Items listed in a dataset
****************

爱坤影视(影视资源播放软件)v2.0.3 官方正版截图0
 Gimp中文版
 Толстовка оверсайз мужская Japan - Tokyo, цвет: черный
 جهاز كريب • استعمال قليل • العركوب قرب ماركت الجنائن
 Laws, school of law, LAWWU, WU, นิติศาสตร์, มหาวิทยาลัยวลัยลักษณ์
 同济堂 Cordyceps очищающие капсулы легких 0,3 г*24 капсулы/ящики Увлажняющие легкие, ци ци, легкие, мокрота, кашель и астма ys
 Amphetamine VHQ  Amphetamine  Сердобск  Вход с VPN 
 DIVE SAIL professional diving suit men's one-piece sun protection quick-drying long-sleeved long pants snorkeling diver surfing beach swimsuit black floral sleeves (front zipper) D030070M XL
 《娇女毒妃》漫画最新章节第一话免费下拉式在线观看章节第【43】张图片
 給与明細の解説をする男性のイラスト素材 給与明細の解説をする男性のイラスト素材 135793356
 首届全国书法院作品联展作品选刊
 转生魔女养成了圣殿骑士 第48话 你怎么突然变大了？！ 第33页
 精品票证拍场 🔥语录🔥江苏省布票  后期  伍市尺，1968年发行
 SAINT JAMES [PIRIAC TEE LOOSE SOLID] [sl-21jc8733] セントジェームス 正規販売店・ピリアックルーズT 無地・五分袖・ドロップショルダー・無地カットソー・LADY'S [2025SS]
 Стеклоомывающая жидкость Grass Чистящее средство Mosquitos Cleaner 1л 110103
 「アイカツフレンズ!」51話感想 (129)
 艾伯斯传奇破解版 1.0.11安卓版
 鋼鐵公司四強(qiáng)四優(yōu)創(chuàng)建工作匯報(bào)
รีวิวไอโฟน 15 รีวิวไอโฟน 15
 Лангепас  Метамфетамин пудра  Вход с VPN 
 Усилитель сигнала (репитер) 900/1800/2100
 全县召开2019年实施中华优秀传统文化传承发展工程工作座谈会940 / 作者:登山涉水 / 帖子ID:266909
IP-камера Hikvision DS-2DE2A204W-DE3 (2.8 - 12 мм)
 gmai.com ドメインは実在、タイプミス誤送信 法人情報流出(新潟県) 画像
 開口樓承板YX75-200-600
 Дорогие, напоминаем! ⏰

****************

| Work to be completed |
Keep only the lines from the line with "艾伯斯传奇破解版 1.0.11安卓版" to the end of the records above, and repeat them exactly.

| Result for this exercise |
 艾伯斯传奇破解版 1.0.11安卓版
 鋼鐵公司四強(qiáng)四優(yōu)創(chuàng)建工作匯報(bào)
รีวิวไอโฟน 15 รีวิวไอโฟน 15
 Лангепас  Метамфетамин пудра  Вход с VPN 
 Усилитель сигнала (репитер) 900/1800/2100
 全县召开2019年实施中华优秀传统文化传承发展工程工作座谈会940 / 作者:登山涉水 / 帖子ID:266909
IP-камера Hikvision DS-2DE2A204W-DE3 (2.8 - 12 мм)
 gmai.com ドメインは実在、タイプミス誤送信 法人情報流出(新潟県) 画像
 開口樓承板YX75-200-600
 Дорогие, напоминаем! ⏰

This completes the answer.